Some here may recall that our previous interim head coach didn’t even realize the team had an Analytics’ Department, which may partially explain why he ran one of the most predictable and least adventurous offenses in recent NFL history.
Turner, it appears, has his feet firmly planted in the 21st century and is interested in finding ways to incorporate data into his offensive decision making.
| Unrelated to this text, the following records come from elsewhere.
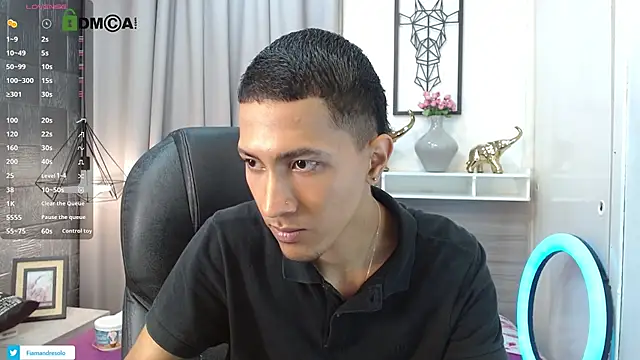 Snapshot of HarolddXL chatting on 05-15-26, 01:18 HarolddXL online show from 05-15-26, 01:18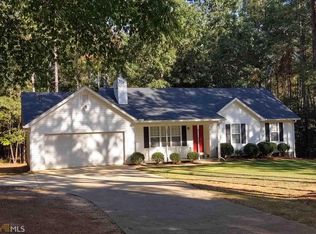 124 Southridge Dr, Locust Grove, GA 30248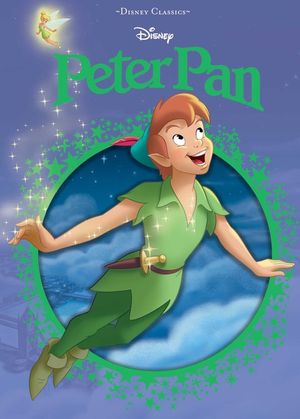 Disney Peter Pan image number 0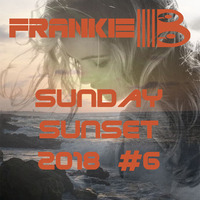 Sunday Sunset #6 by FRANKIE-B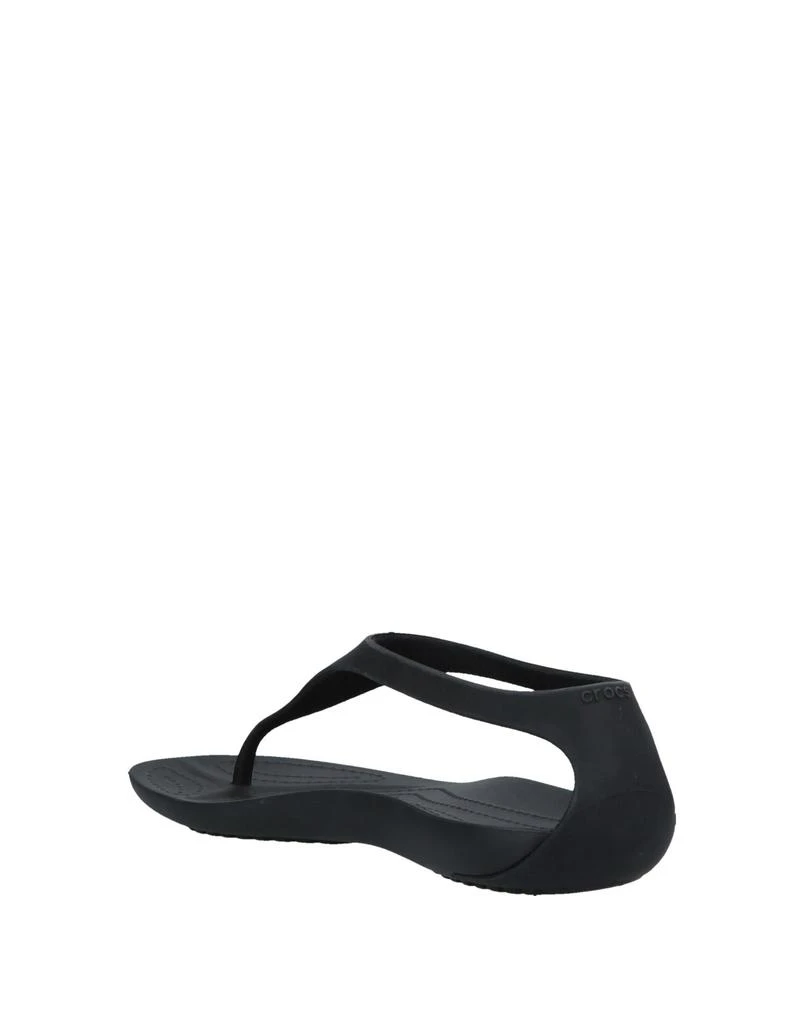 商品Crocs|Flip flops,价格¥517,第3张图片详细描述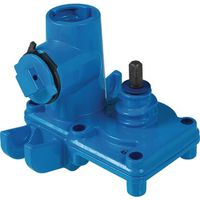 HAWLE, Collare di presa universale Hawlinger ZAK, PN 16, 2450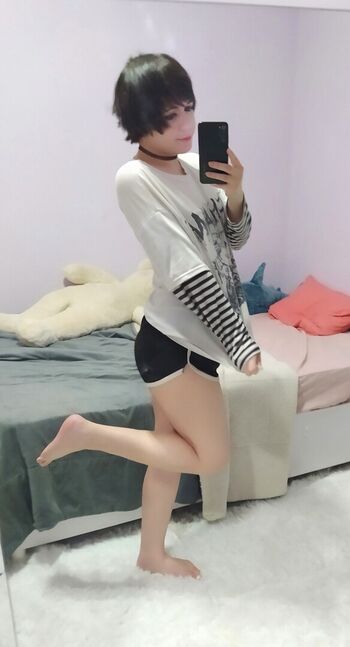 Full leaked Phosu uwu private onlyfans photo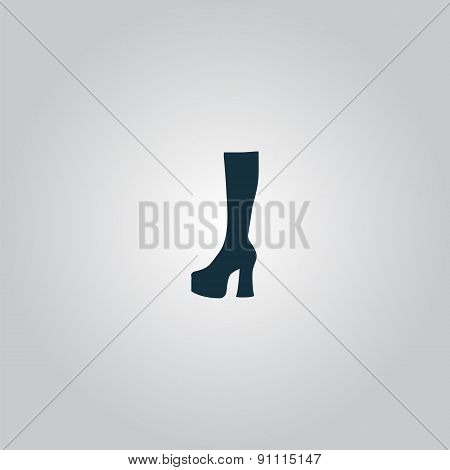 chaussure woman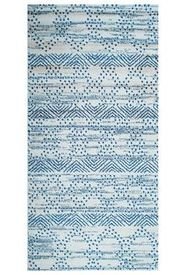 Tapete De Área Art Home Textil Apache De  80 X 150 Cm – 10720-APA-312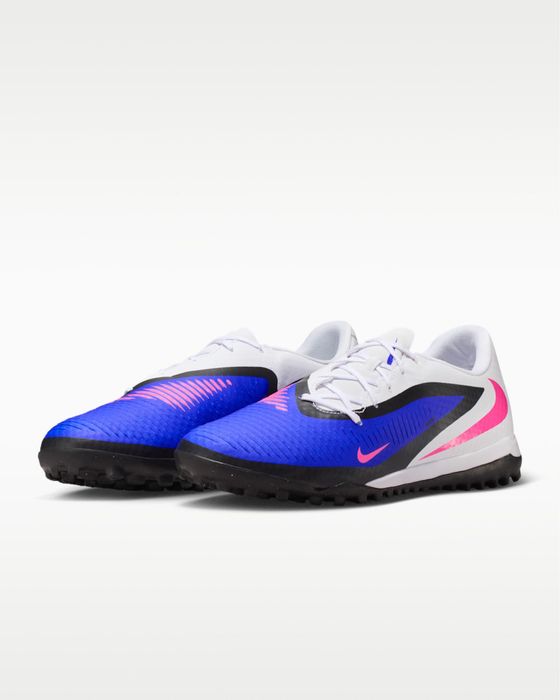 Nike Phantom 6 Low Academy TF Noi Originali (43; 46)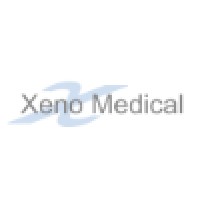 Xeno Medical Ltd logo, Xeno Medical Ltd contact details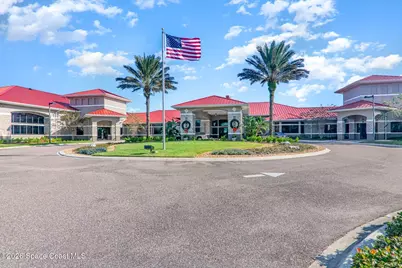 3457 Bancroft Drive, Melbourne, FL 32940 - Photo 28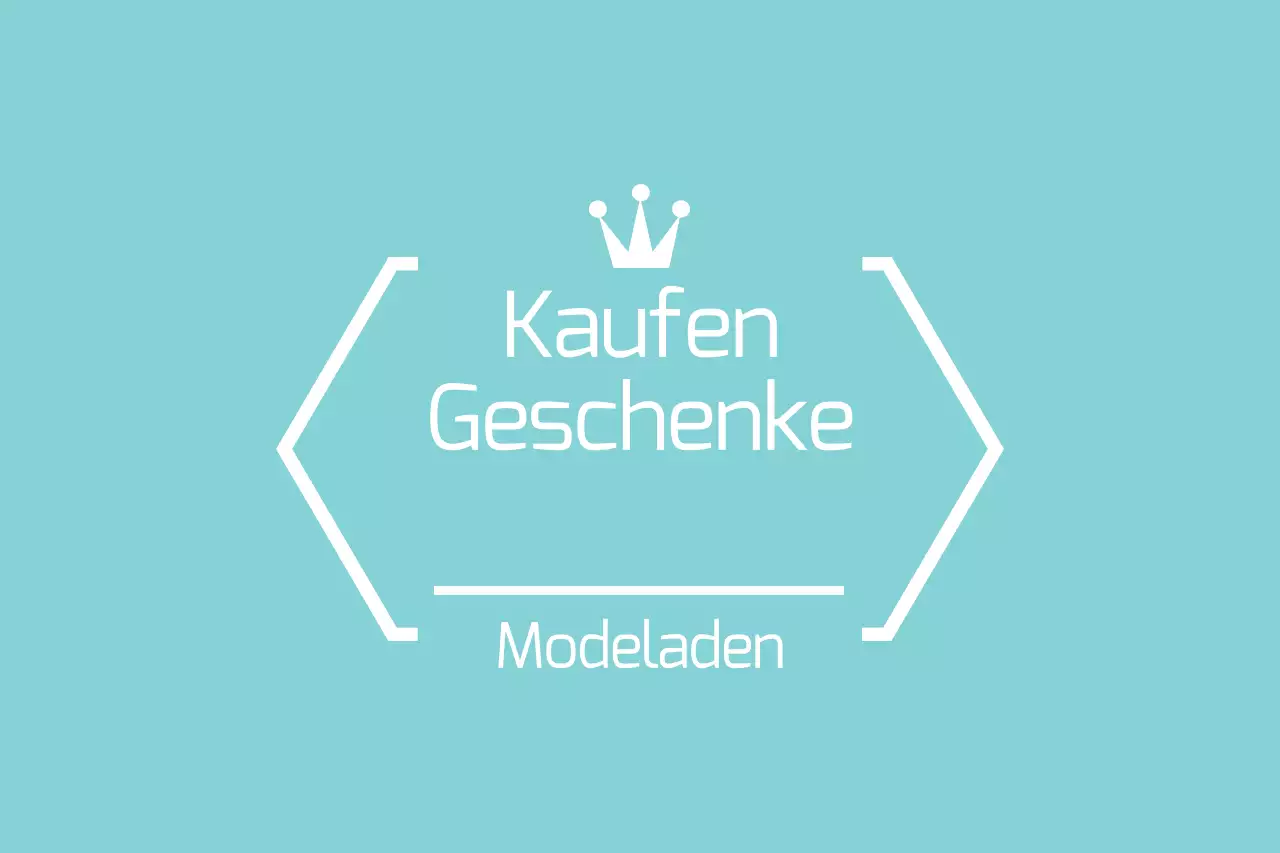 Gekaufte Geschenkkronen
Hopefully he’s preparing to follow in the footsteps of our neighbors just up 95, who have used analytics to significant effect in their recent success.
It’s also interesting that one of the reasons given for the Panthers parting ways with Rivera was that their owner, Dave Tepper, wanted a more analytics-focused offensive mind leading the team, and that Turner served in that role after (and likely before) Rivera’s departure.
Tepper says that new OC Scott Turner was on an internal group of #Panthers staff that discusses analytics— Nick Carboni (@NickCarboniWCNC) December 3, 2019
As with the retention of Kyle Smith, whose drafting skill Rivera has repeatedly expressed admiration for, perhaps the head coach recognizes some of his own deficits in the evolving, modern offensive game and has sought to fill those gaps with a young coordinator who has made a point to acquaint himself with appropriate contemporary tools.
Turner has helped groom several young QBs in the NFL, from superstars, like Newton, to a solid, competent QB like Bridgewater, as well as limited, young QBs like Grier and Allen. He’s worked with the most potent offensive weapon in the game - Christian McCaffrey - as well as top end receivers like Gordon and Moore. He’s deeply steeped in the Air Coryell offense refined by his father, as well as exposed to the pro style offense and power running game employed by John Harbaugh at Michigan. Whatever Turner’s offense looks like, we can expect it to be built around the strengths of the players he has at his disposal, as opposed to forcing ill-fitting players into his scheme. In the 2020 Redskins Turner has a young and expansive palette to work with. It’s going to be interesting to see what he puts on the canvas.